In-Depth
E-Business and DR: Alternatives to Data Mining
Over the past few years, vendors of disk systems have been touting various forms of Remote Copy or Remote Mirroring as a Disaster Recovery (DR) solution. Remote Copying or Mirroring could be part of a DR solution; but left on its own, could make the recovery process ineffective. Just copying data can result in copying the disaster, which means as the data gets corrupted at the primary site, it also gets corrupted at the secondary site. Although mainframe data centers have been the primary focus for DR solutions, the need is apparent within the NT, open environments and other operating systems.
In a DR situation, you need to restart critical applications at a remote site with full data integrity, without relying on primary site personnel. The restart must come from a known point in time where data has guaranteed integrity. Most business applications can tolerate a loss of some transactions, but not corrupted data. Any effective DR solution has to be cognizant of this fact. But, to understand how to prepare for a disaster, you have to understand the nature of a probable disaster.
Vaporization or Meltdown?
It is highly unlikely that a disaster would vaporize a data center in a nanosecond. A more likely scenario would be a flood, earthquake or hurricane. In these cases, a disaster occurs over a period of several minutes. Disk drives, tape drives, servers and network controllers will fail randomly. Logs and their database are usually on different disk subsystems, so they will not fail in synch. Databases typically have dependent writes to ensure they are written in correct sequence and databases with deferred writes may need to write across multiple disk systems. Some of these deferred writes may be in server memory.
Error recovery procedures within the operating system, the application and various hardware units may be invoked automatically. While some units will fail and some may come back, others may not. Multiple disk drive failures may occur. RAID disk products are designed to mask a failure of one disk drive within a domain, but not multiple drive failures.
It is during the several minutes of the disaster happening, called a "rolling disaster," that data gets corrupted. Unless you can freeze the copying of data immediately before the disaster begins, a Remote Copy function may well replicate the disaster. If the data is corrupted at the remote site, how do you begin to restart the critical applications?
At several seminars held by the Evaluator Group, we have painted the following picture to mainframe data center technicians. We asked them to imagine that a person walks into their data center, and over several minutes randomly turns off every machine. We then ask them how long to restart their critical applications, and what do they do?
Universally, the first thing they want to do is get a copy of the tape with the last mirror image of their databases. Recovery time is usually in days. When they have completed their recovery picture, we make this observation: None of them had confidence in their data as a result of this "rolling disaster." If they did not have confidence in this data, what confidence would they have in a remote copy of this data? And if they had no confidence in this remote data and would not use it in an emergency, why do they have a remote site and why implement remote mirroring?

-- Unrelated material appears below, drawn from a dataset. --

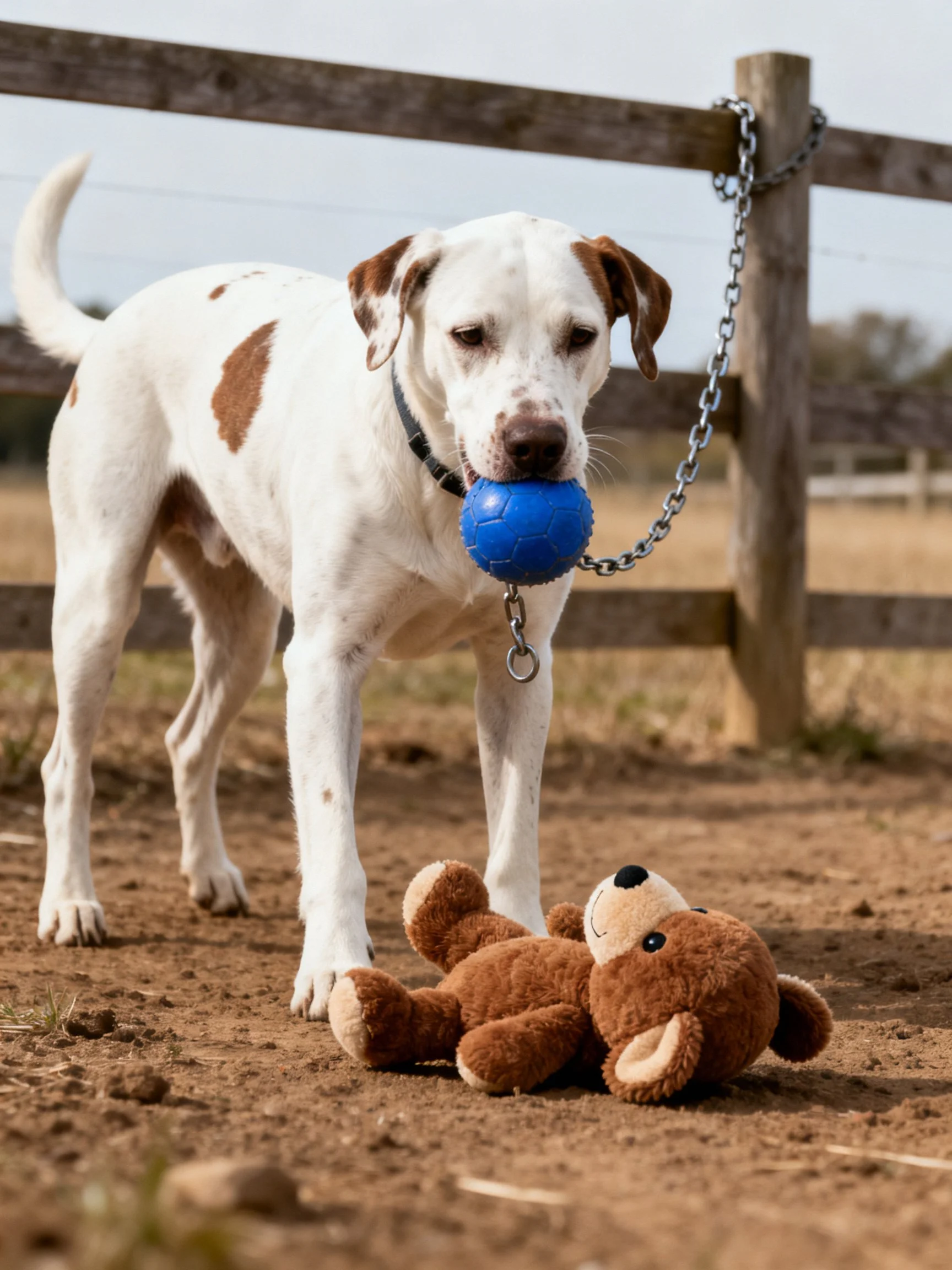 A white spotted dog holds a blue ball next to a brown teddy bear in an open area.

One user reported that a customer engineer had inadvertently switched off one physical volume -- not usually a problem. But, in these days of mapping volumes or virtual volumes across multiple physical drives, error recovery can be tricky. In this instance, a simple unexpected powering off of one physical volume containing part of an IMS database resulted in corruption of the whole database.
The majority of data centers still rely on copying data to tape and trucking the tapes to a remote site. This is not without its own problems, and becomes a real challenge when sites have multi-terabytes to restore. For a true DR involving a mirroring solution, you need to ensure that all writes are time-stamped to guarantee data is written in the correct sequence. Disk subsystems do not share common clocks so the server must provide this feature. Rather than just copying data from one storage system to another, one needs to be able to transfer the application with a rapid restart capability. Vendors need to provide a recovery mechanism that ensures quick application restart at a remote site prior to a disaster corrupting data.

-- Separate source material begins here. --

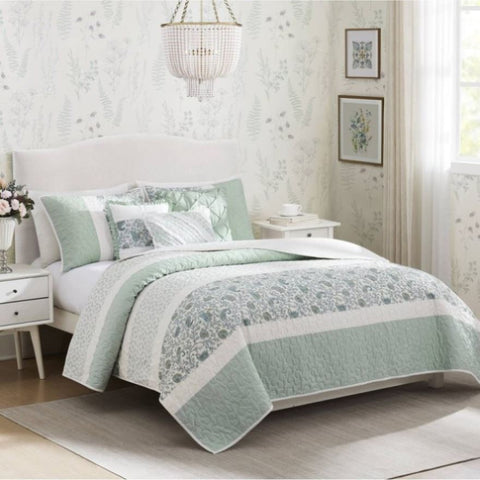 ZUN 6 Piece Cotton Percale Quilt Set with Throw Pillows Aqua Full/Queen B035129023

Geographically Dispersed Parallel Sysplex
Probably the best solution today is IBMs Geographically Dispersed Parallel Sysplex (GDPS). GDPS is architected to transfer the application and the transactions to the remote site, rather than just the data. Considering there are thousand of reads and writes for every transaction, this seems a wise choice.
GPDS uses peer-to-peer remote copy (PPRC), which is a synchronous copy solution that is also offered by Amdahl, Hitachi Data Systems and StorageTek. EMC offers a version of their Symmetrix Remote Data Facility that operates with GDPS. An EMC supplied STARTIO exit routine traps PPRC commands and issues the appropriate SRDF equivalent. With SRDF, GDPS customers can also use the EMC TimeFinder point-in-time copy feature.
The disadvantage to GDPS is the limited distance, the cost and complexity of implementing the product.
One user we spoke to has recognized the exposure with remote copy products. He told his management that the proposed remote copy solution would not work in a real world disaster. Therefore, rather than spending the money on a remote site and remote copy software, they should pretend they had a remote site. In the event of a disaster, they would be in the same situation as if they had a remote site, but without the associated cost. Cynical as that user may be, he was not confident that the vendor could deliver a DR solution that would actually work. Given the cost and the criticality of DR, you should apply due diligence before deciding which offering you want to bet your company on. Unfortunately, that involves more than getting a few vendors in and listening to their promises.
You need to get the vendors to supply the equipment necessary, so you can simulate your own disaster. For a remote mirroring solution the vendors need to supply a primary and secondary storage system. You should create a script to run against a copy of your production database. Then, when the test suite is running, simulate a rolling disaster by randomly switching disk volumes off and sometimes on again over a few minutes. Then, test the integrity of the data on the secondary system. You may also become a cynic!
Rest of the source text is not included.